(Captioned web images)

::::::::::

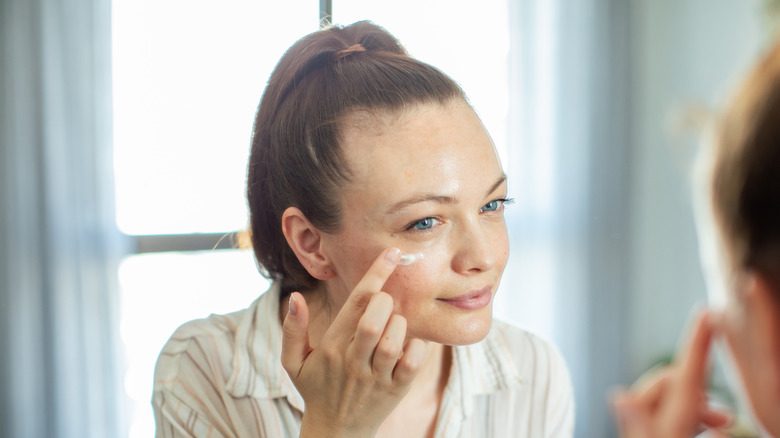 Femme appliquant la crème pour les yeux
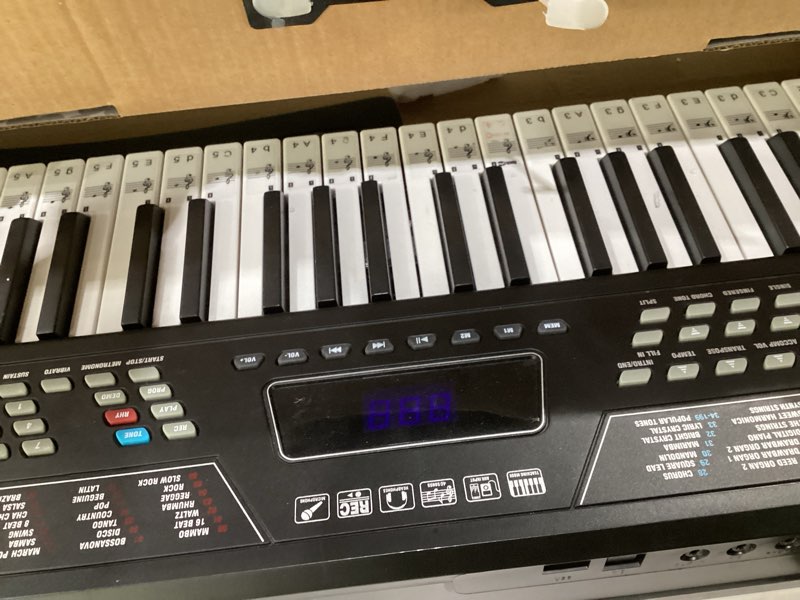 Condition photo showing As Is for RockJam 61 Key Keyboard Piano with Pitch Bend, Power Supply, Sheet Music Stand, Piano Note Stickers & Simply Piano Lessons Modern, NOT TESTED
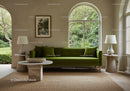 Minimalist Living Room with Green Sofa and Natural Light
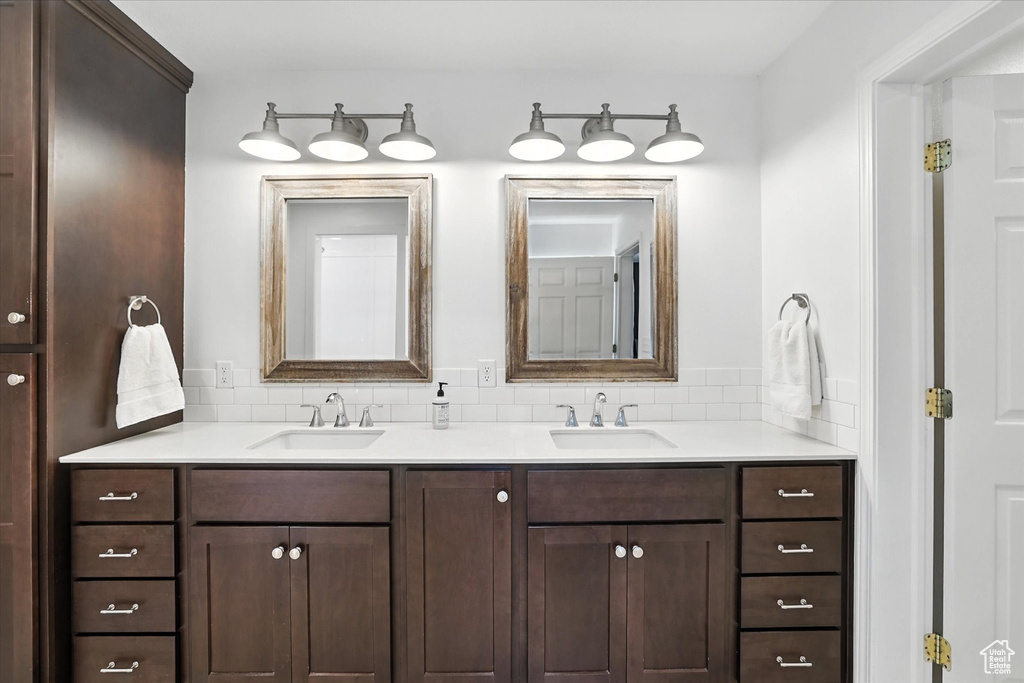 Full bath with double vanity and tasteful backsplash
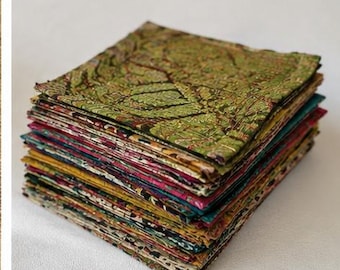 May include: A tall stack of square fabric pieces featuring a variety of intricate patterns and colors. The top piece is primarily green with a dark, detailed botanical print. The layers below display diverse hues including yellow, pink, and teal.
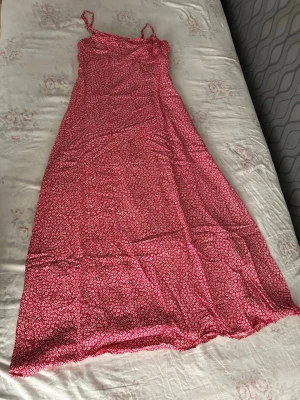 Röd blommig långklänning med smala band - Söt röd långklänning med vita små blommor och smala axelband som knyts. Klänningen har en lätt utställd passform och är perfekt för varma dagar. Materialet känns lätt och luftigt, vilket gör den skön att bära under sommaren. 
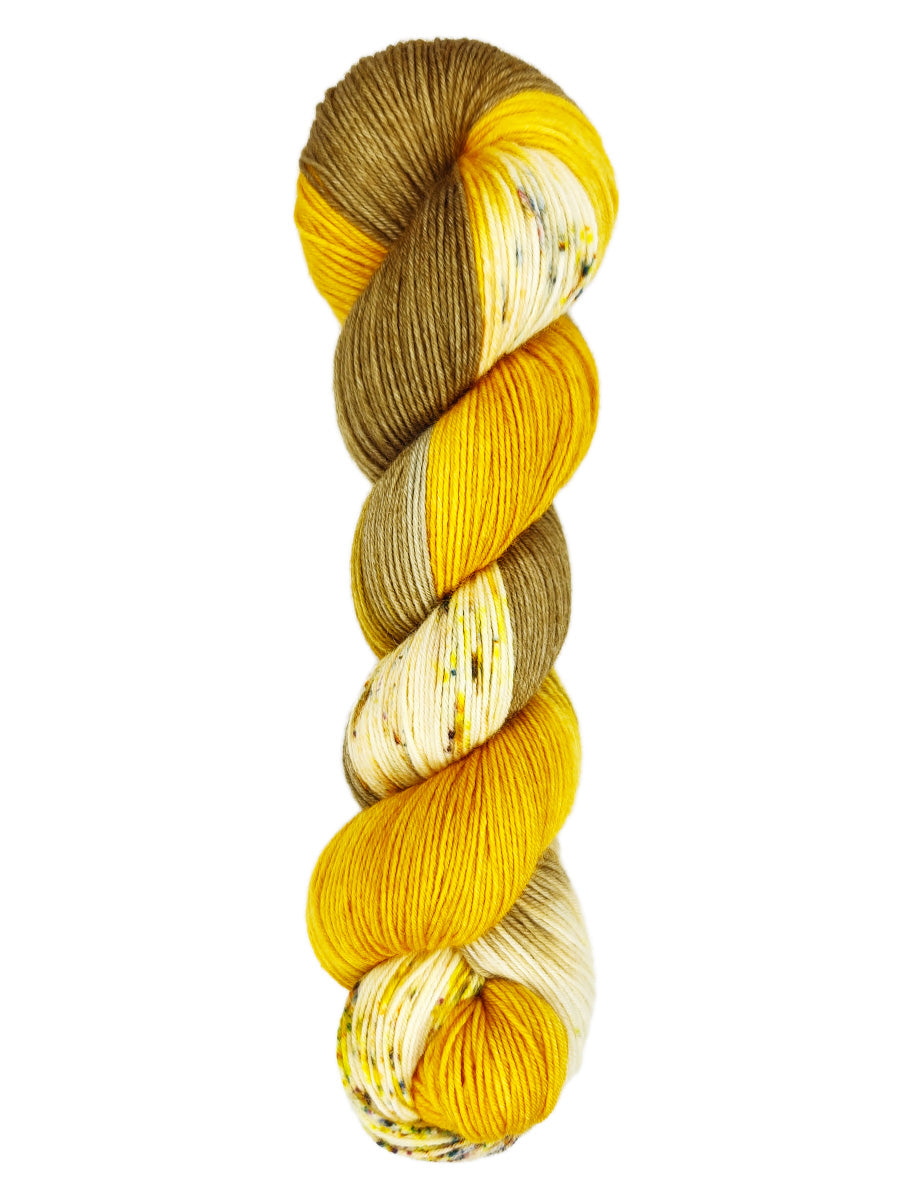 A skein of hand-dyed fingering/sock yarn color brown and gold speckles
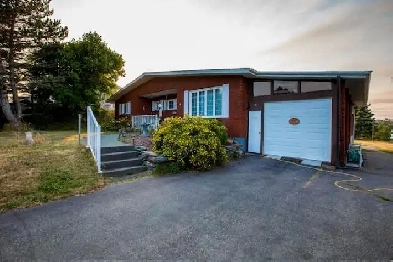 Brick Bungalow.  3/4 acre lot  ocean view Image# 1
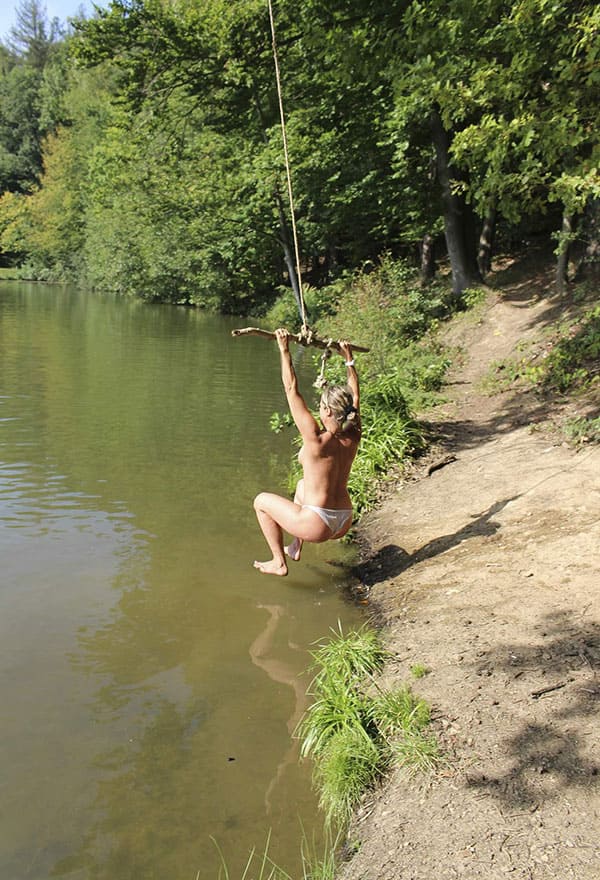 Веселая нудистка ныряет с тарзанки в озеро 3 фото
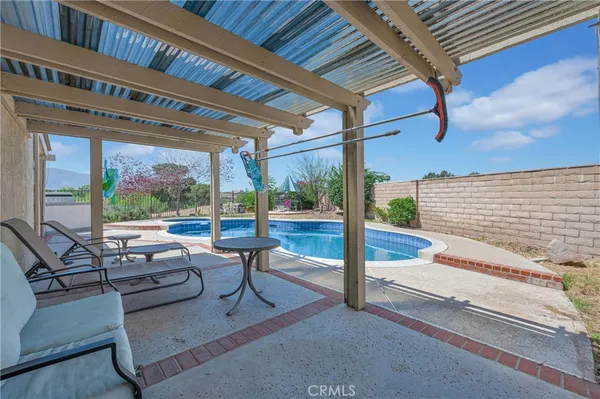 a view of a house with a swimming pool and sitting area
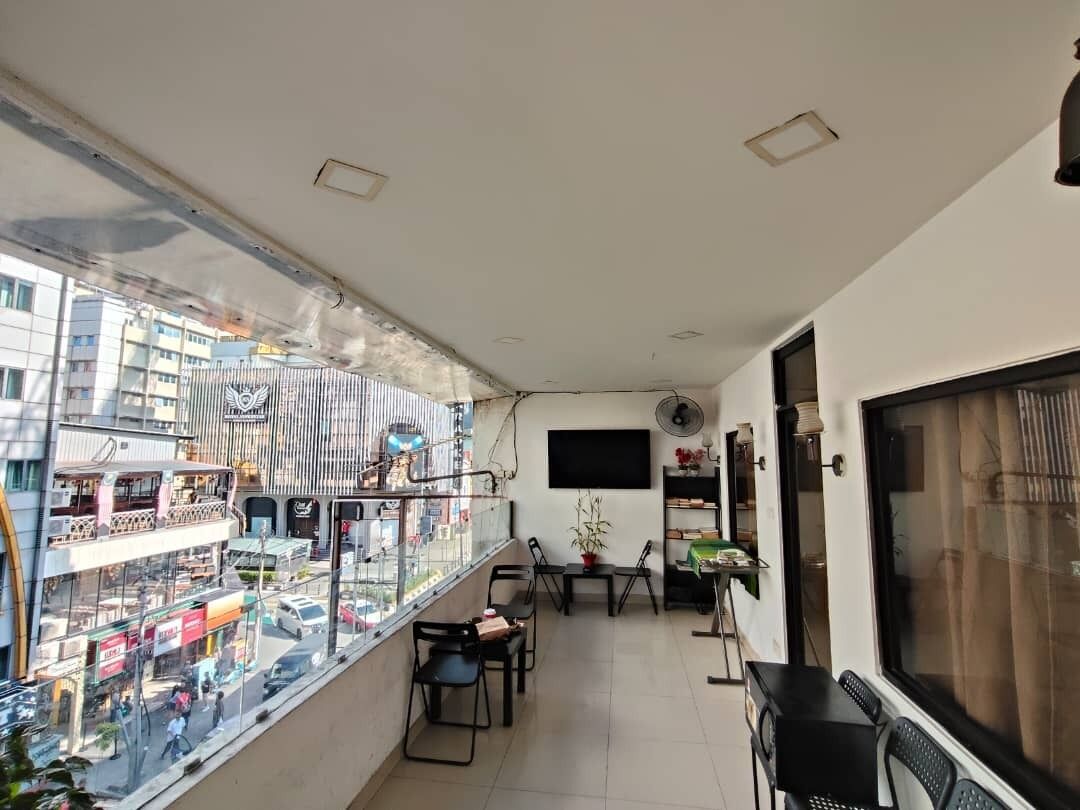 A balcony with a view of a busy street, a table with chairs, a fan, and a TV mounted on the wall.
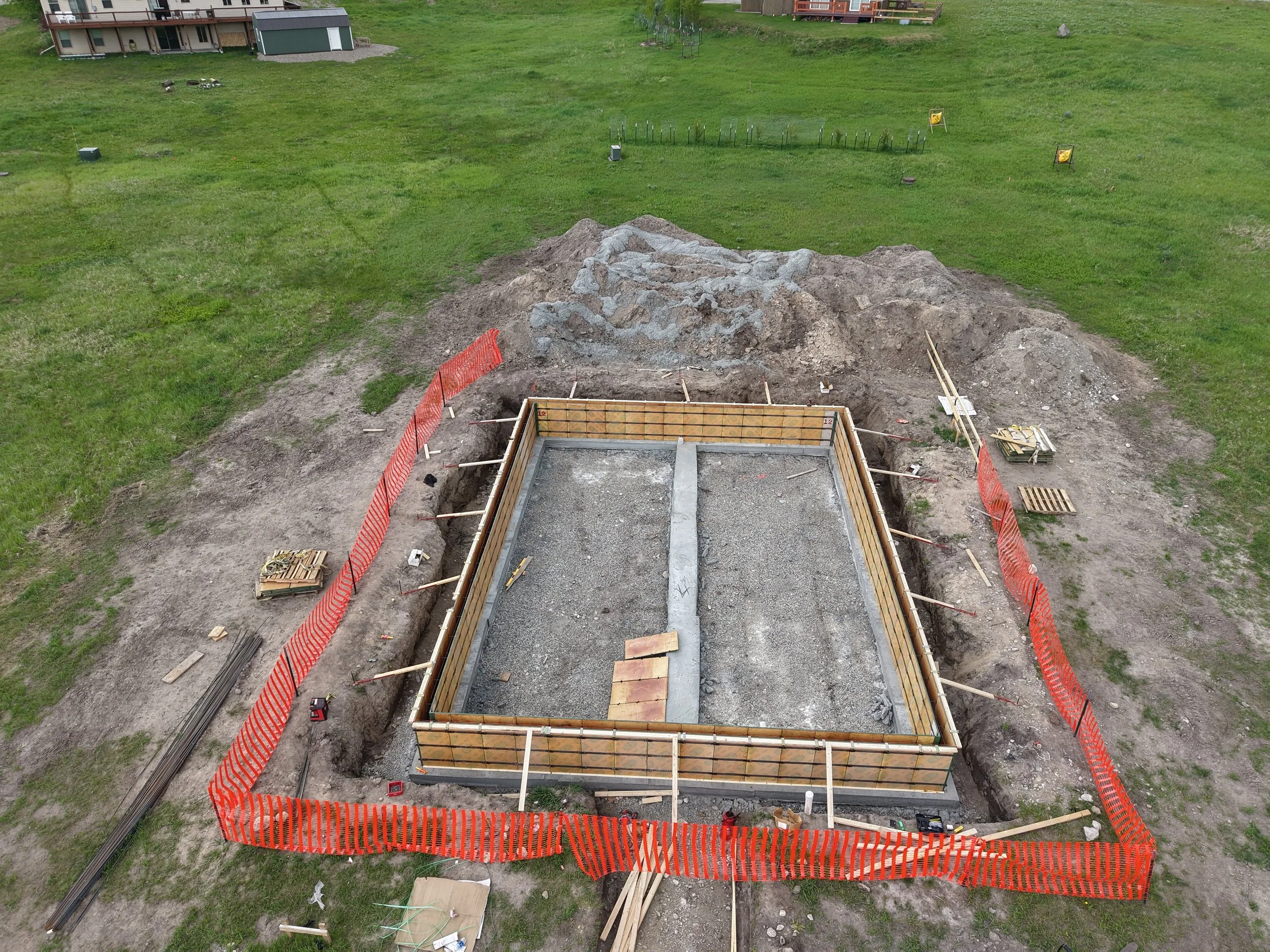 An aerial view of a construction site in a grassy area, showing a partially built foundation with wooden framing, construction tools, and materials surrounded by orange safety barriers.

::::::::::

• Your instructions
In the data above, find the line containing "A skein of hand-dyed", then output it and every later line exactly, without the pictures.

• Response for this exercise
 A skein of hand-dyed fingering/sock yarn color brown and gold speckles
 Brick Bungalow.  3/4 acre lot  ocean view Image# 1
 Веселая нудистка ныряет с тарзанки в озеро 3 фото
 a view of a house with a swimming pool and sitting area
 A balcony with a view of a busy street, a table with chairs, a fan, and a TV mounted on the wall.
 An aerial view of a construction site in a grassy area, showing a partially built foundation with wooden framing, construction tools, and materials surrounded by orange safety barriers.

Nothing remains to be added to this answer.